Les relations fédérales-provinciales
Le gouvernement fédéral et les provinces ont progressivement développé des moyens de collaboration dans la définition de la politique commerciale canadienne, notamment depuis le Tokyo Round (1973-1979). La conclusion d’un accord formel sur la participation des provinces aux diverses initiatives qui en émanent souffre toutefois d’une trop longue attente.

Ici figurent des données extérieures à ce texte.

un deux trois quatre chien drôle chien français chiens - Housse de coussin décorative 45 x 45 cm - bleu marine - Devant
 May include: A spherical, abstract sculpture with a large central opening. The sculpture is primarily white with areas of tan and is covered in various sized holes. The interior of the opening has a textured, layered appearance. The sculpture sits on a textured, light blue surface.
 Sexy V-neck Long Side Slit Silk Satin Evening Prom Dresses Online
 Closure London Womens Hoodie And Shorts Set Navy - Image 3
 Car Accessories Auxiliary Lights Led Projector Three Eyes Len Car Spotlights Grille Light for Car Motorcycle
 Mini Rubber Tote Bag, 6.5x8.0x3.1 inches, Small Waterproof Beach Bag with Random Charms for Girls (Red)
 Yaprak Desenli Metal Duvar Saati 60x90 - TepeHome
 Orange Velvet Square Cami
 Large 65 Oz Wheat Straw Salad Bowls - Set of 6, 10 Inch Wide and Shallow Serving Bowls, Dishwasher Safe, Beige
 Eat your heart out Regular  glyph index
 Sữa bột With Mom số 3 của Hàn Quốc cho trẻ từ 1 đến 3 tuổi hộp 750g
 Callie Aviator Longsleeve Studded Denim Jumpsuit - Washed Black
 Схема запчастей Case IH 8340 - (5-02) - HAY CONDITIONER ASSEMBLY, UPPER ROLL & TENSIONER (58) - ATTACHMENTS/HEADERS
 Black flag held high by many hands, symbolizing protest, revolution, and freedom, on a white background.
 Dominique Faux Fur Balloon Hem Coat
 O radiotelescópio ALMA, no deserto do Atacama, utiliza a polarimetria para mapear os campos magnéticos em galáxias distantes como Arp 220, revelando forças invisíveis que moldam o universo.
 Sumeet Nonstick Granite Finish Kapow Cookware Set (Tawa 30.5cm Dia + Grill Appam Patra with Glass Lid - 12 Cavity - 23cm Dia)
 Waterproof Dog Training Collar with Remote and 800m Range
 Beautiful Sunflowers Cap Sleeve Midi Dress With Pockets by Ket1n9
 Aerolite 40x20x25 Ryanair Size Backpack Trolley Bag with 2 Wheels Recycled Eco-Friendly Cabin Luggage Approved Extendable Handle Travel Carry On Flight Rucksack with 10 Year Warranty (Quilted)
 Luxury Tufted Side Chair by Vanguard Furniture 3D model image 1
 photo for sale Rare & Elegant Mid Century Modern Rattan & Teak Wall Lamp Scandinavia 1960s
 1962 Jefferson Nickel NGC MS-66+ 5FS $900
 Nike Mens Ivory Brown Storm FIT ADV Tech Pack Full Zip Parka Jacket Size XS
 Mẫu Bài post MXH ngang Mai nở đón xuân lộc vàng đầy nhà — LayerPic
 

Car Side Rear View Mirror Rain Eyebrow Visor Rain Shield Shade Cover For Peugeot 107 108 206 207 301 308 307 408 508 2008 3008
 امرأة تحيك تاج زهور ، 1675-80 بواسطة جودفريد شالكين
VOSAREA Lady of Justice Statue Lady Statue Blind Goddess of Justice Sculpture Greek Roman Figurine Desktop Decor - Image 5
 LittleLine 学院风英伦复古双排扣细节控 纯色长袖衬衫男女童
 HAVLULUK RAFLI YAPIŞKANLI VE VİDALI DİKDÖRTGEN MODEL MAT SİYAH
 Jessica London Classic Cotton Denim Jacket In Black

En conclusion, la politique commerciale canadienne a été marquée par de nombreux projets, de longues périodes d’attente et des réalisations importantes pour qui sait voir les choses dans une perspective de long terme. Beaucoup reste à faire cependant. Certains objectifs de libéralisation peuvent être atteints par des initiatives unilatérales du Canada, d’autres exigent des négociations avec ses partenaires. Plusieurs aimeraient un meilleur ciblage des priorités, mais le Canada préfère ne négliger aucune avenue et saisir les occasions qui se présentent, quitte même à les provoquer. Si les entreprises canadiennes perdent des ventes au profit de leurs concurrentes étrangères sur un marché extérieur en raison de meilleures conditions d’accès pour celles-ci découlant d’accords de libéralisation des échanges, le Canada ne peut juste attendre. Il doit lui aussi obtenir de meilleures conditions d’accès pour ses entreprises. L’absence de progrès dans les négociations multilatérales à l’OMC amène d’ailleurs les pays à conclure des accords bilatéraux ou régionaux. Le Canada ne peut ignorer cette tendance. Un meilleur accès aux marchés ne règle pas comme par magie les problèmes de compétitivité des entreprises canadiennes, mais il en constitue une dimension importante et, surtout, à ne pas négliger.
En attendant d’autres commentaires sur la libéralisation des échanges sur le blog de l’Association, vous pouvez lire la récente analyse de Michael Hart intitulée «Breaking Free : A Post-mercantilist Trade and Productivity Agenda for Canada»*. C’est le point de vue d’un ancien négociateur et d’un expert de longue expérience de la politique commerciale canadienne.
Enfin, la politique commerciale et les initiatives en matière de libre-échange doivent faciliter ce que les humains font depuis bien des millénaires : échanger, avec ses avantages et, parfois, ses inconvénients.
* Hart, Michael. «Breaking Free : A Post-mercantilist Trade and Productivity Agenda for Canada». Institut C.D. Howe, août 2012. 27 pages.